**INFORMATION PROVIDED**

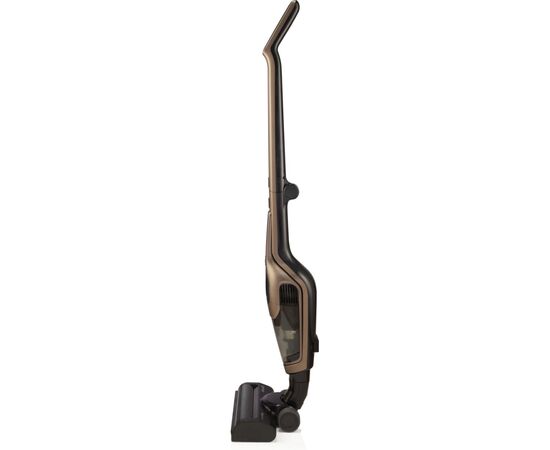 Пылесос Gorenje SVC288191FSIIGO, изображение 4 Пылесос Gorenje SVC288191FSIIGO, изображение 4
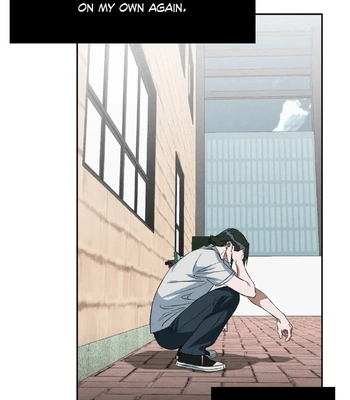 [TEKTEK] Justice Arcade [Eng] – Gay Manga sex 230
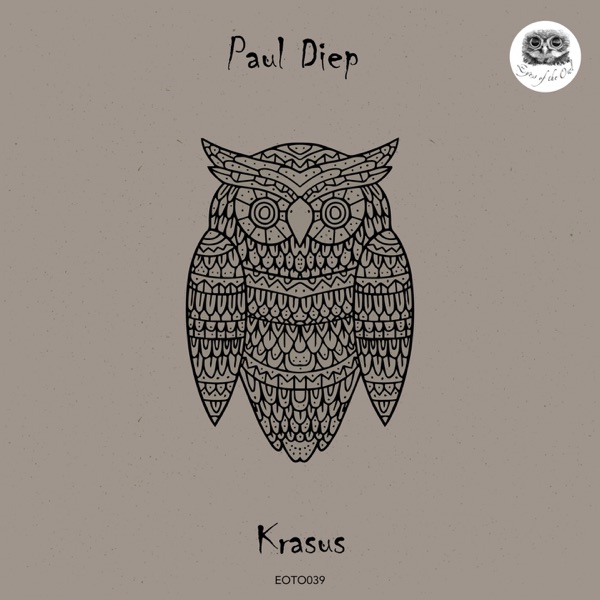 Krasus - Single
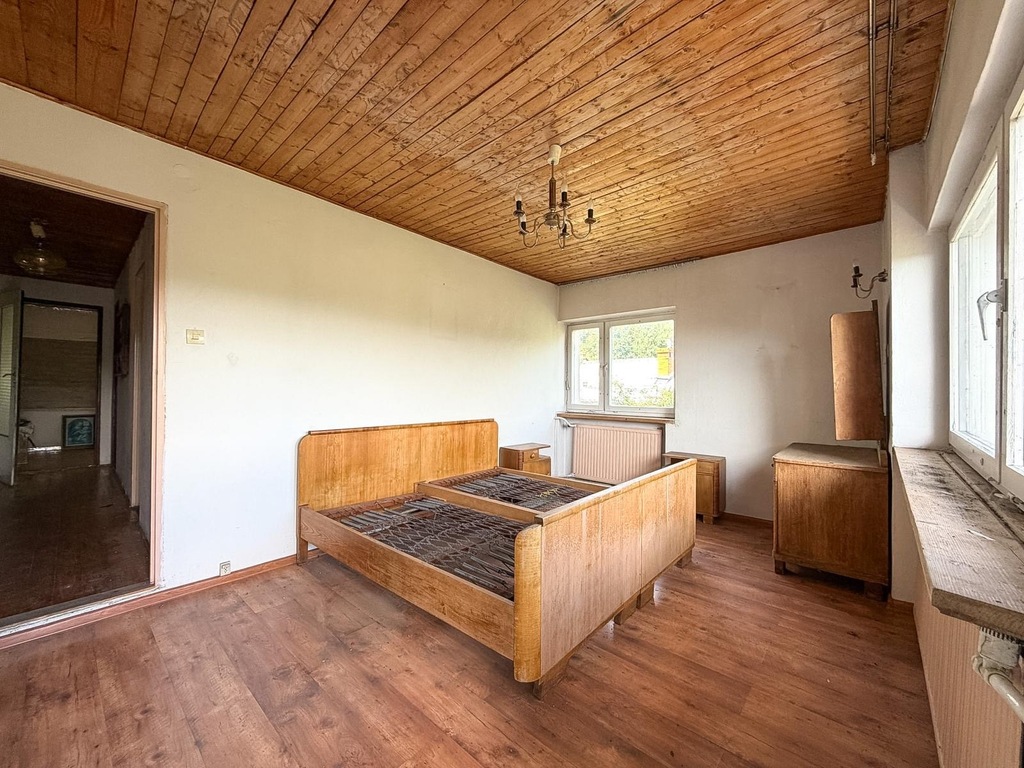 Dom z widokiem na góry | Szczawno-Zdrój | 160 m²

**ASSIGNED TASK**
Give back the listing unchanged. Strip out the pictures.

**FINAL ANSWER**
 Пылесос Gorenje SVC288191FSIIGO, изображение 4 Пылесос Gorenje SVC288191FSIIGO, изображение 4
 [TEKTEK] Justice Arcade [Eng] – Gay Manga sex 230
 Krasus - Single
 Dom z widokiem na góry | Szczawno-Zdrój | 160 m²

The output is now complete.